• Work instruction:
Each line from the one containing "Ladies Collar Down" to the end of the entries below is to be set down exactly; the pictures are not.

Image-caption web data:
*** Block opens ***

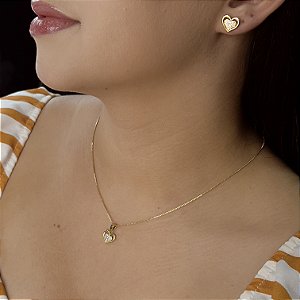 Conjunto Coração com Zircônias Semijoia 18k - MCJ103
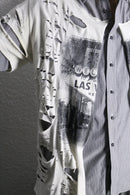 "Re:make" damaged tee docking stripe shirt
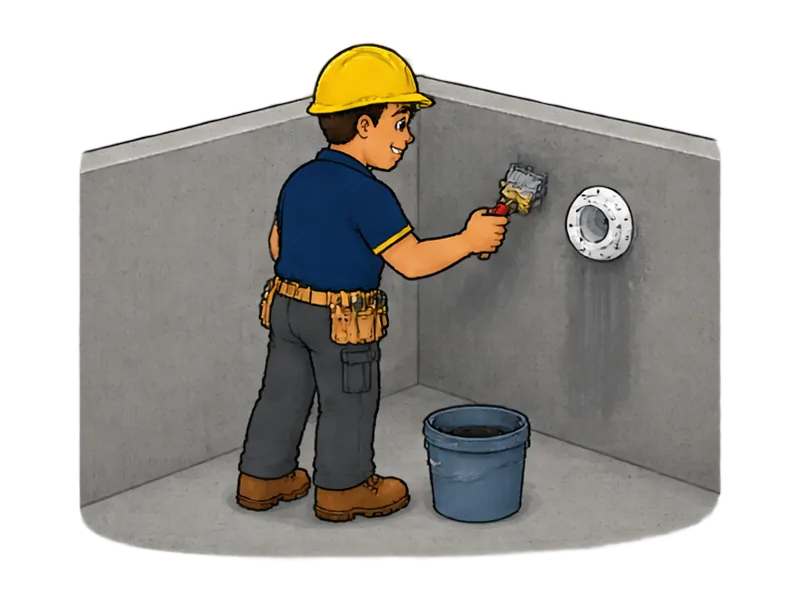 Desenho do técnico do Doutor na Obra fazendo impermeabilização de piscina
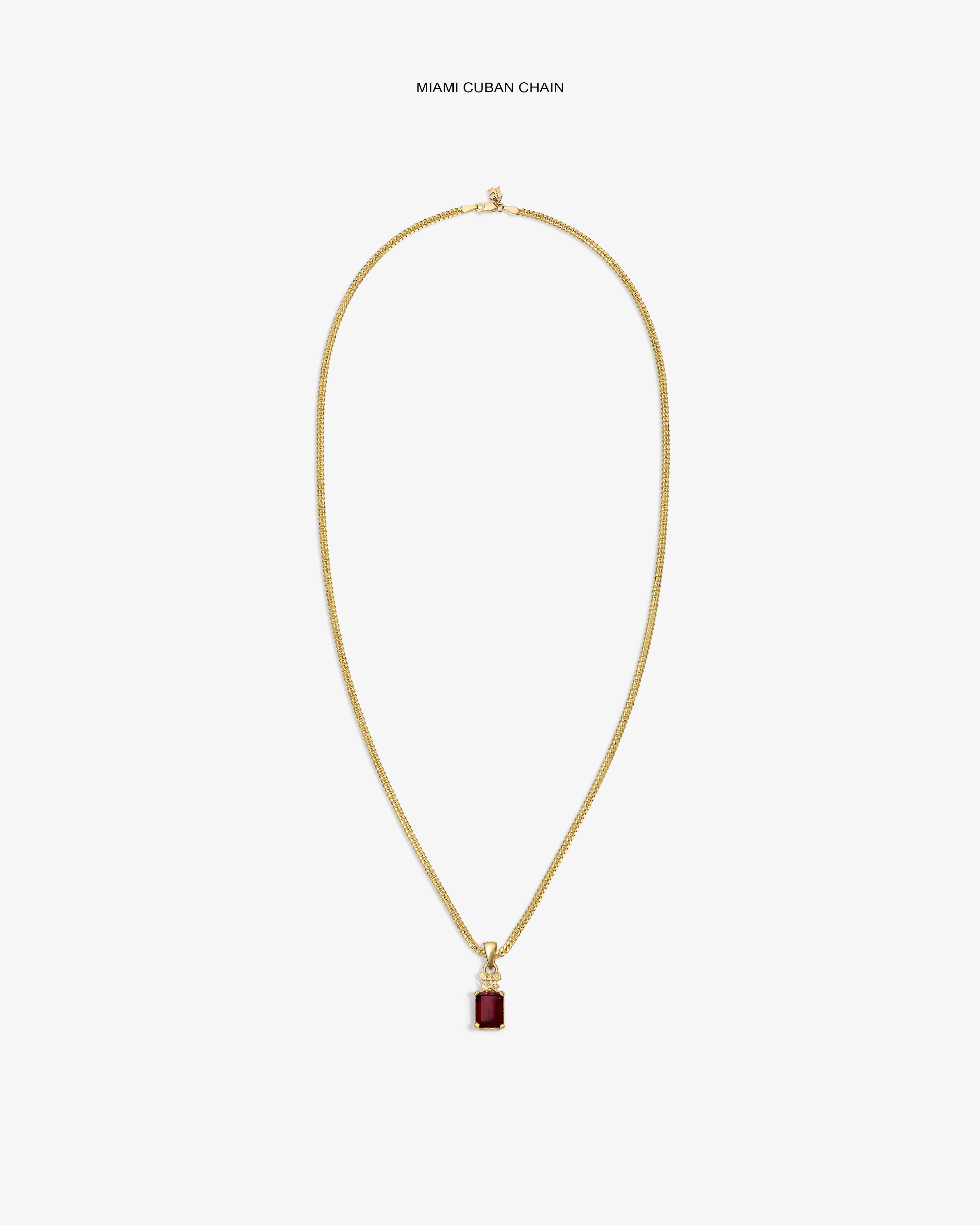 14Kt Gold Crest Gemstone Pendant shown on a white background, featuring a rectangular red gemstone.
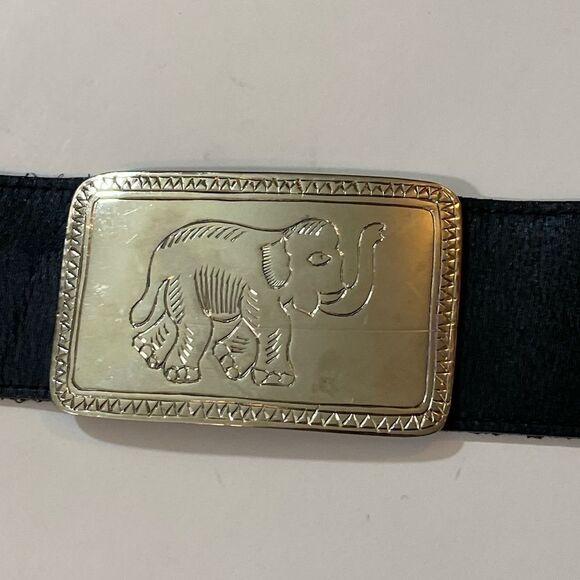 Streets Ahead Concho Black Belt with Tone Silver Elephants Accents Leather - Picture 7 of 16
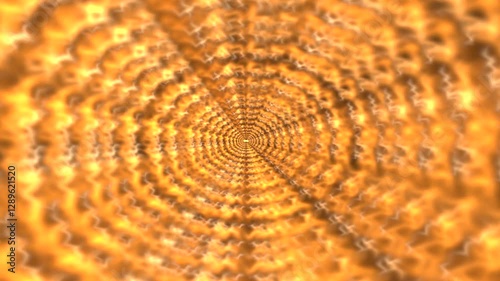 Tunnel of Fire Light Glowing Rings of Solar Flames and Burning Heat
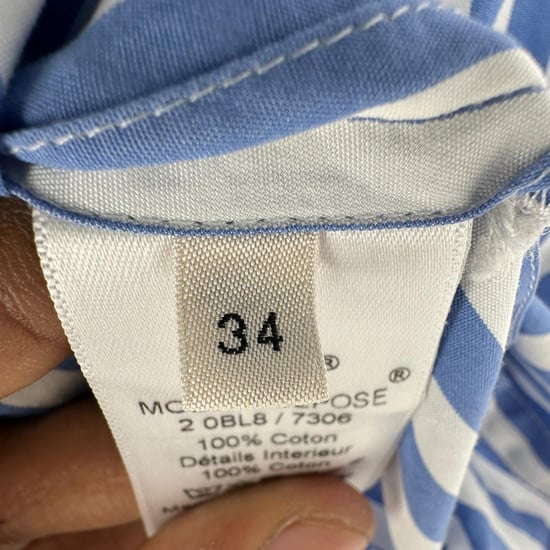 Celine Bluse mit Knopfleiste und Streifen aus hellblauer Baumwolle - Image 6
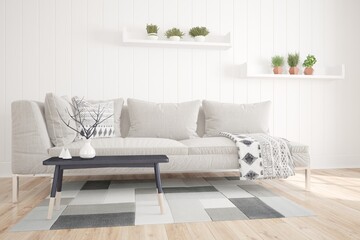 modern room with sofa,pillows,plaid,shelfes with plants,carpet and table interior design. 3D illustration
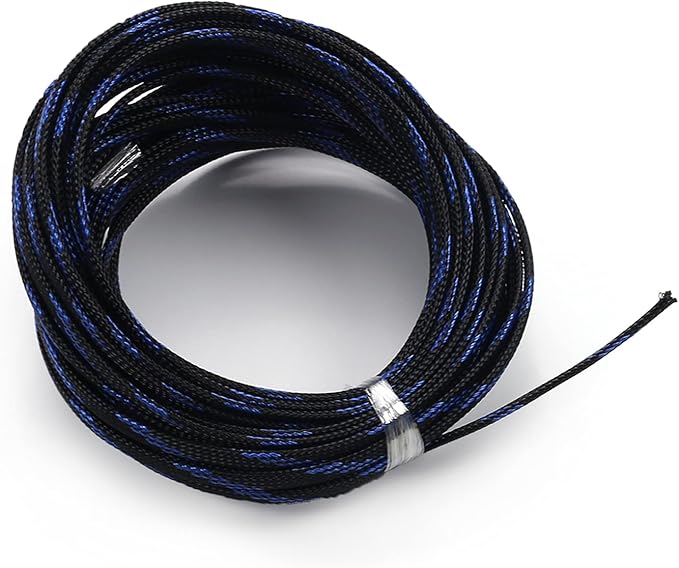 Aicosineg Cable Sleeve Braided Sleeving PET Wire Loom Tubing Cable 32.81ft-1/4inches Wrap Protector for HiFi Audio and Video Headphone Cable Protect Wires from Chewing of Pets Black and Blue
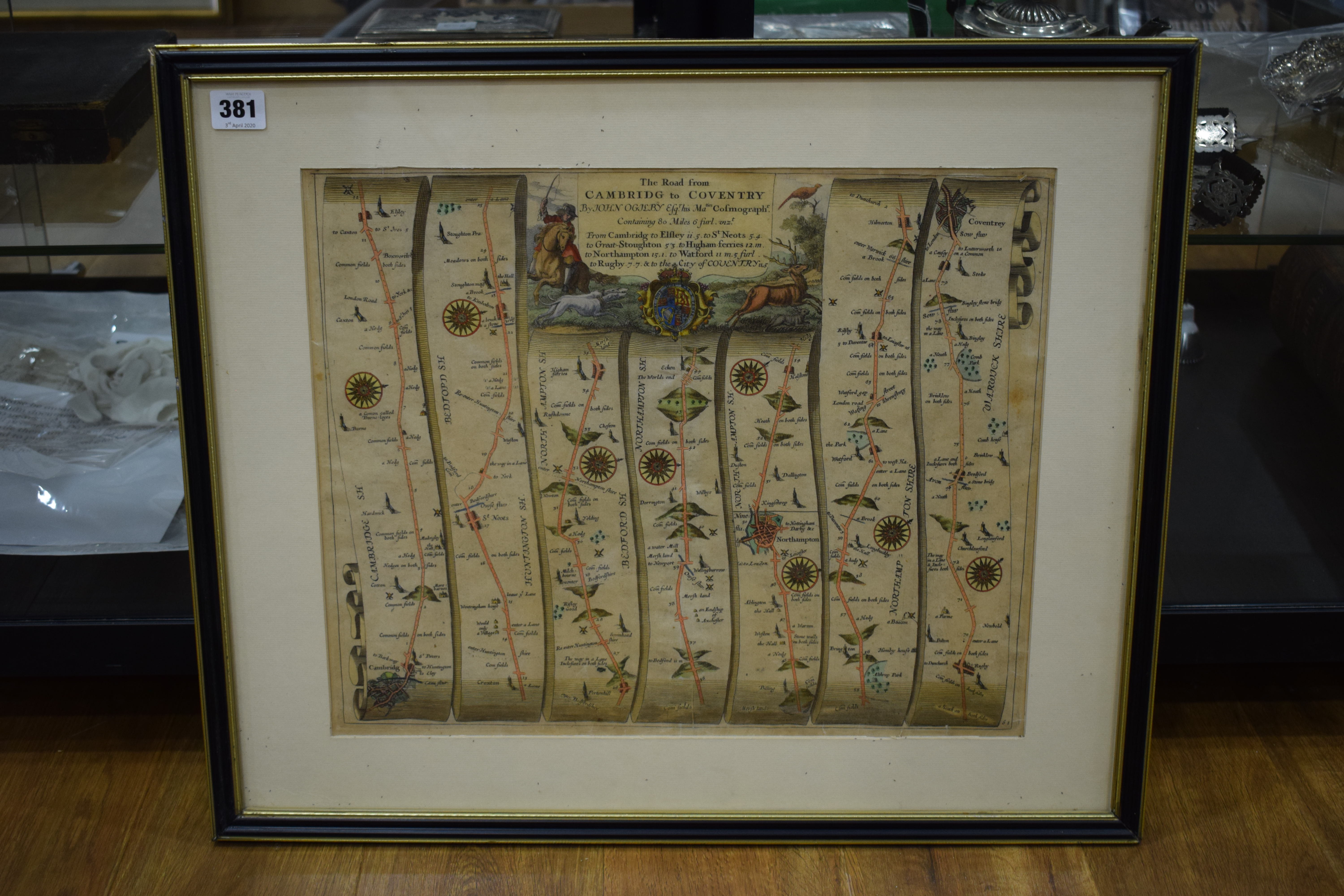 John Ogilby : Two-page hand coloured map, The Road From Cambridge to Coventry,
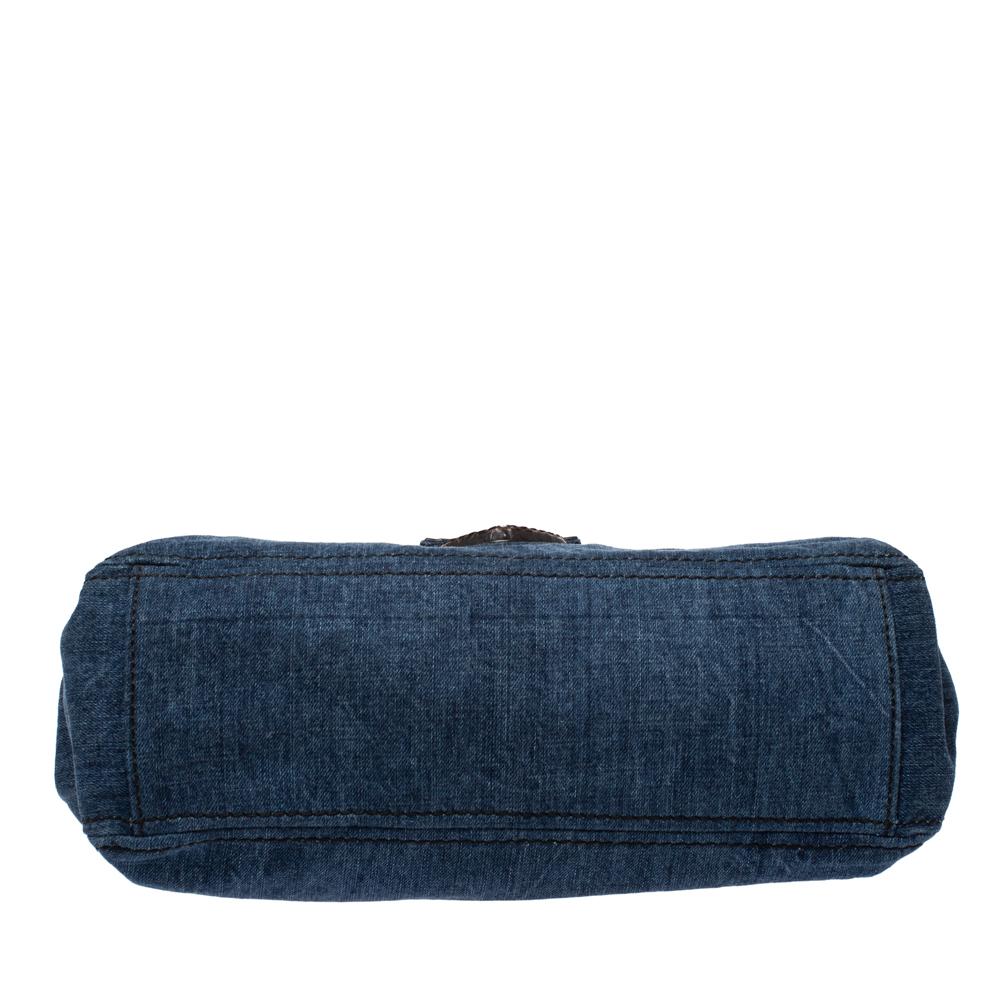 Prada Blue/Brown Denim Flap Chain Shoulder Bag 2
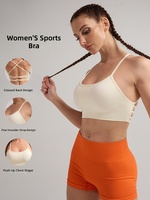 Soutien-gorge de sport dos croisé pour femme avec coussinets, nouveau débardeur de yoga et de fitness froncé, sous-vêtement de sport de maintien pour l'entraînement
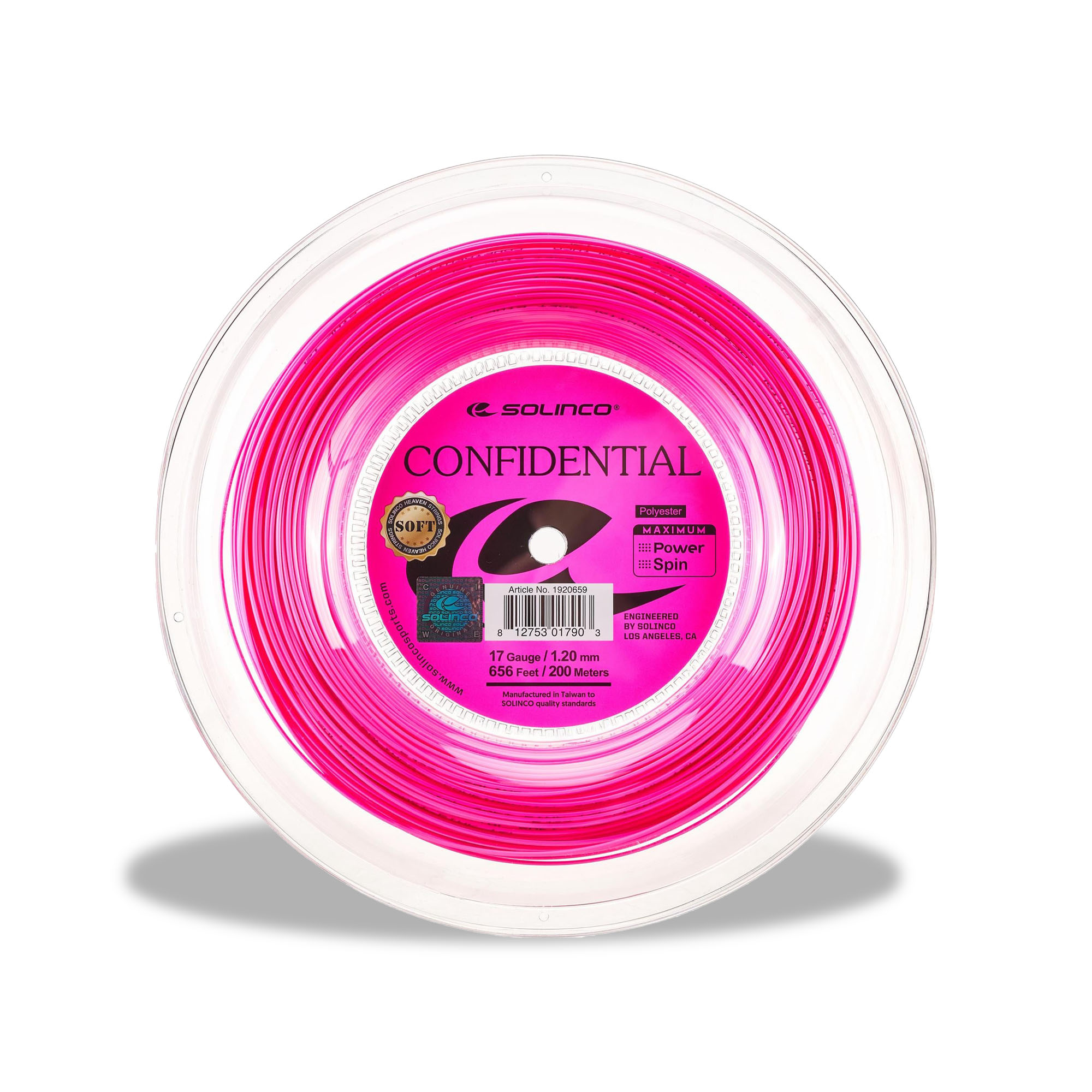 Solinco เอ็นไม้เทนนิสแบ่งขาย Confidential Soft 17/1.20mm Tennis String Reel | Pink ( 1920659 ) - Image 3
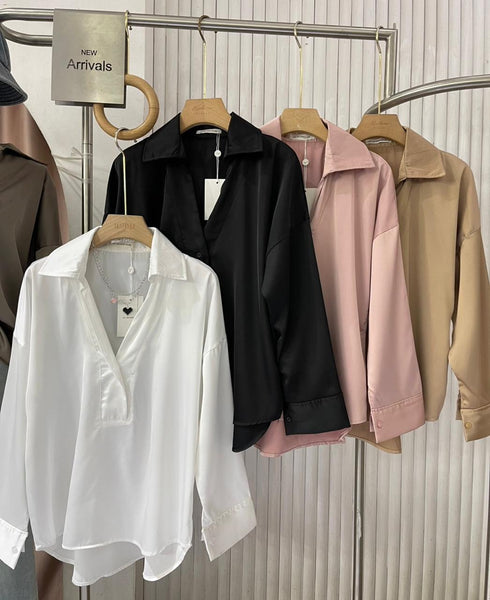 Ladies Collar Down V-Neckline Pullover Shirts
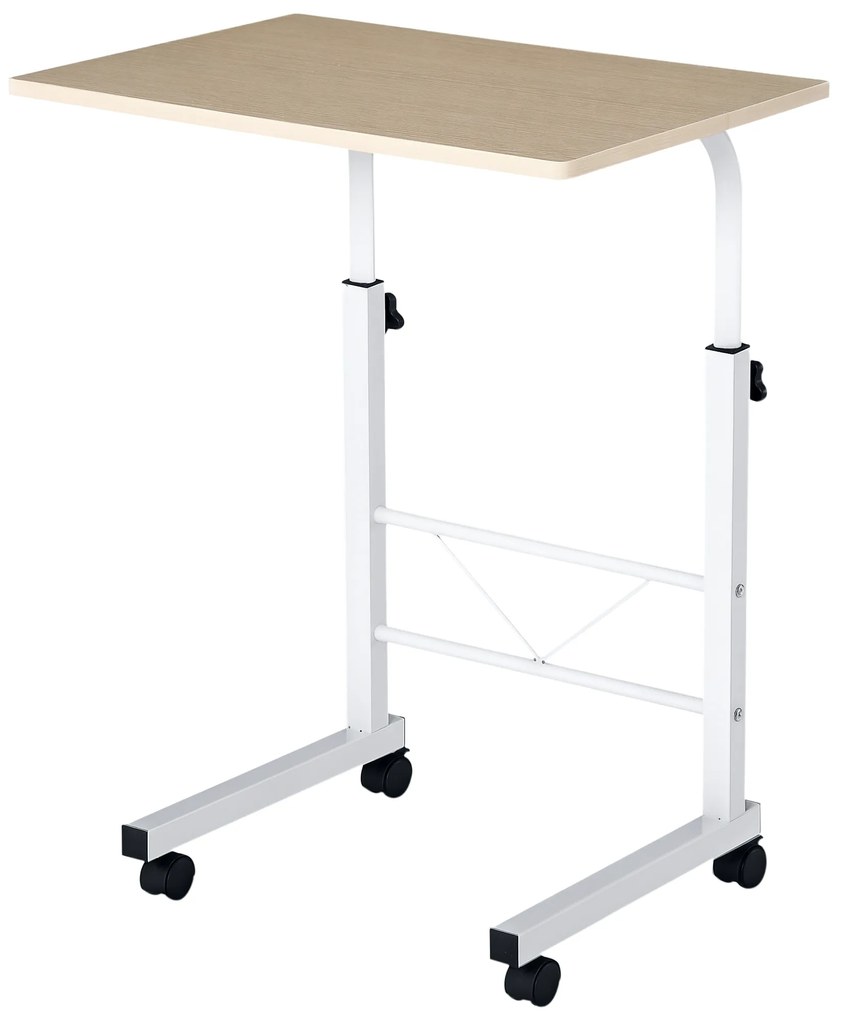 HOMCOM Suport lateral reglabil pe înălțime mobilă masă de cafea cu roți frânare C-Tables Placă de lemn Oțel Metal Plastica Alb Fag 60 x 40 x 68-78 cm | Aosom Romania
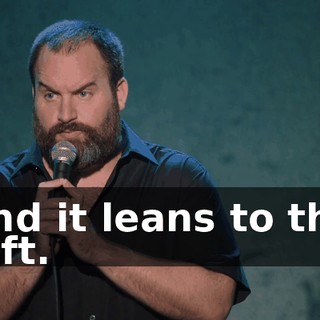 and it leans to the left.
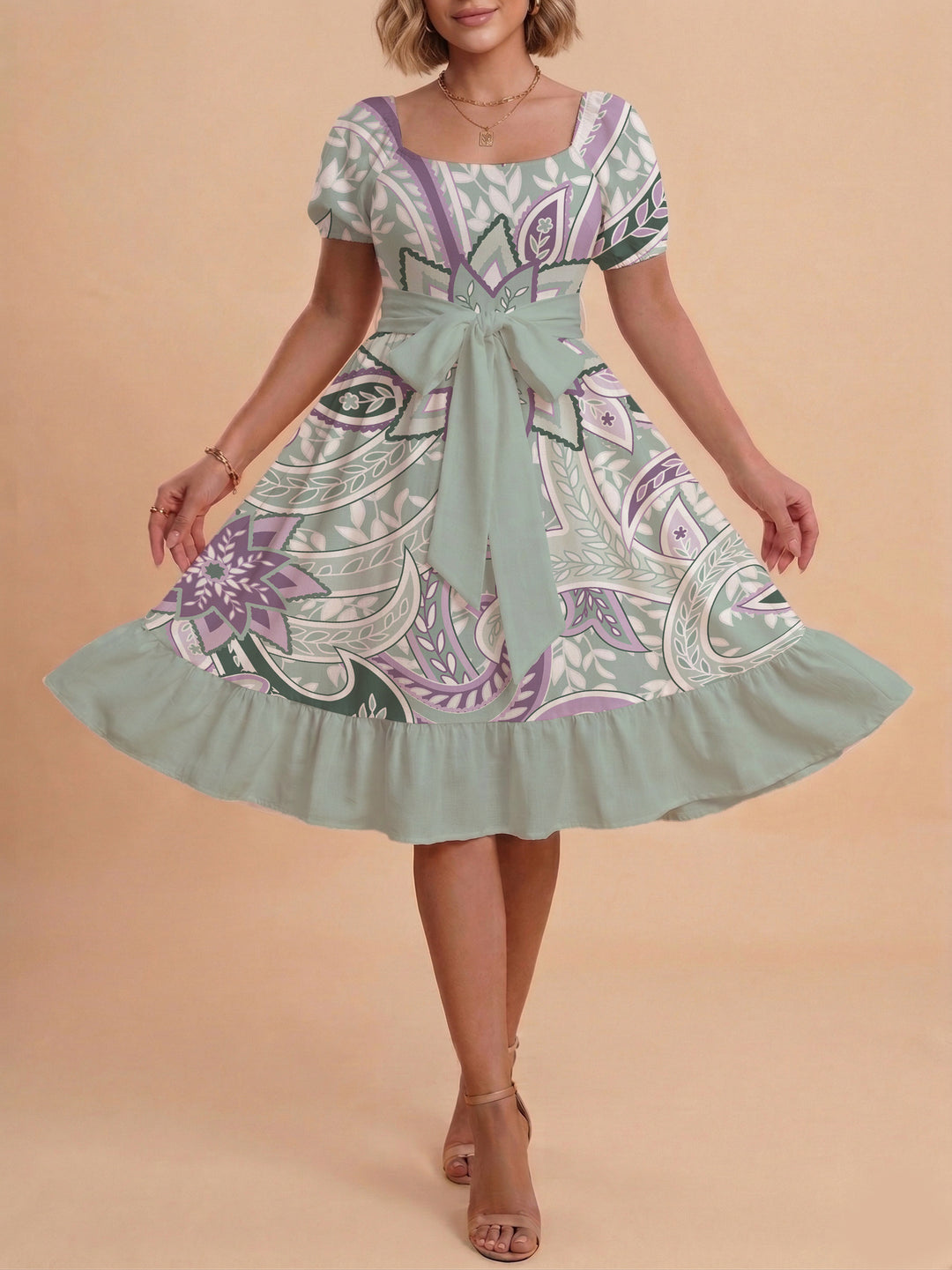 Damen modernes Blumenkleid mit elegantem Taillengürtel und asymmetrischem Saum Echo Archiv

*** Block closes ***

• The answer:
 Ladies Collar Down V-Neckline Pullover Shirts
 HOMCOM Suport lateral reglabil pe înălțime mobilă masă de cafea cu roți frânare C-Tables Placă de lemn Oțel Metal Plastica Alb Fag 60 x 40 x 68-78 cm | Aosom Romania
 and it leans to the left.
 Damen modernes Blumenkleid mit elegantem Taillengürtel und asymmetrischem Saum Echo Archiv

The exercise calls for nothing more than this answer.